* _Task item_: Extract, from the records beneath this instruction, each line that contains the word "Image".

*** Opening of Given entries ***

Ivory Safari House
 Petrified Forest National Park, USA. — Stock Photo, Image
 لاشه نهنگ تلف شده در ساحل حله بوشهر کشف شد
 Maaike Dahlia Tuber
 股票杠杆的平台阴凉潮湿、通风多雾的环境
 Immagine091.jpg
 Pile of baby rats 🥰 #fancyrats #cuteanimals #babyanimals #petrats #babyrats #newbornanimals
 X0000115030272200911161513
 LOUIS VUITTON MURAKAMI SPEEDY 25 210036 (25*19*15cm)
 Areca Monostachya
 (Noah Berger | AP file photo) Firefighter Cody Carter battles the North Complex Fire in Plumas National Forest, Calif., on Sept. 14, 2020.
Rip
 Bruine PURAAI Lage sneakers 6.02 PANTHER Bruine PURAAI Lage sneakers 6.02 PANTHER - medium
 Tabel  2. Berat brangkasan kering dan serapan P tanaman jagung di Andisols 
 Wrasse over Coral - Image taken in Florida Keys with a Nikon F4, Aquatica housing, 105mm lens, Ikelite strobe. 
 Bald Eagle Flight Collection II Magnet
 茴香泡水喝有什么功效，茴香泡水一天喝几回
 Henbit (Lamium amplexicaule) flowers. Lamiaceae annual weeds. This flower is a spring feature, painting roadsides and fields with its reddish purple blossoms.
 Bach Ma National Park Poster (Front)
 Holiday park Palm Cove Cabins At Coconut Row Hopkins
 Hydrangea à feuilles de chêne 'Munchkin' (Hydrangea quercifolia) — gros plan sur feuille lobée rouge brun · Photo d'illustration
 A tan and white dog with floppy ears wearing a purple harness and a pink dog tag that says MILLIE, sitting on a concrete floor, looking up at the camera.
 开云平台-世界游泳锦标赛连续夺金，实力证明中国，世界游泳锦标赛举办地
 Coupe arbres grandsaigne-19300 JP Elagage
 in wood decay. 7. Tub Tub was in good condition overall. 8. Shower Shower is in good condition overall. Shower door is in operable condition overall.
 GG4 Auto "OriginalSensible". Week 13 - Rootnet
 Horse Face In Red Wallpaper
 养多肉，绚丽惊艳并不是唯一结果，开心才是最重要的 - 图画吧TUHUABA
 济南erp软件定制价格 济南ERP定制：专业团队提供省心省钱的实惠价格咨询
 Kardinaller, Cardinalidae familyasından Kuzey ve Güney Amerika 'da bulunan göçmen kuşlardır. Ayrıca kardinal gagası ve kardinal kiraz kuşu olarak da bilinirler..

*** Close of Given entries ***

* _The completed task_:
 Petrified Forest National Park, USA. — Stock Photo, Image
 Wrasse over Coral - Image taken in Florida Keys with a Nikon F4, Aquatica housing, 105mm lens, Ikelite strobe. 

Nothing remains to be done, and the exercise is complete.